In Java I create a string that uses unicode and overline because I am trying to display square roots of numbers. I need to know the length of the string for some formatting
the usual methods for finding string length seem to fail
They don't fail, the report the string lenght as number of Unicode characters [*]. If you need another behaviour, you need to define clearly what you mean by "string length".
When you are interested in string lengths for displaying purposes, then usually your are interested in counting pixels (or some other logical/physical unit), and that's responsability of the display layer (to begin with, you might have different widths for different characters, if the font is not monospaced).

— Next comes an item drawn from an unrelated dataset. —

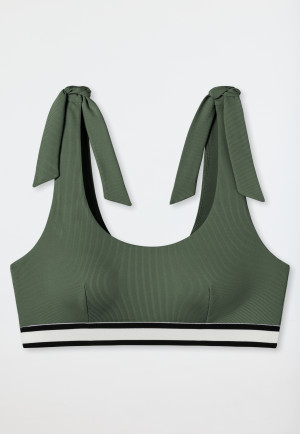 Haut de bikini brassière bonnets pouvant être retirés bretelles réglables kaki - California Dream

But if you're just interested in counting the number of graphemes ("a minimally distinctive unit of writing in the context of a particular writing system"), here's a nice guide with code and examples. Copying-trimming-pasting the relevant code from there, we'd have something like this:
public static int getGraphemeCount(String text) {
int graphemeCount = 0;
BreakIterator graphemeCounter = BreakIterator.getCharacterInstance();
graphemeCounter.setText(text);
while (graphemeCounter.next() != BreakIterator.DONE)
graphemeCount++;
return graphemeCount;
}
Bear in mind: the above uses the default locale
. A more flexible and robust method would, eg, receive an explicit locale
as argument and invoke BreakIterator.getCharacterInstance(locale) instead
[*] To be precise, as pointed out in comments, String.length()
counts Java characters, which are are actually code-units in a UTF-16 encoding. This is equivalent to counting Unicode characters only if we are inside the BMP.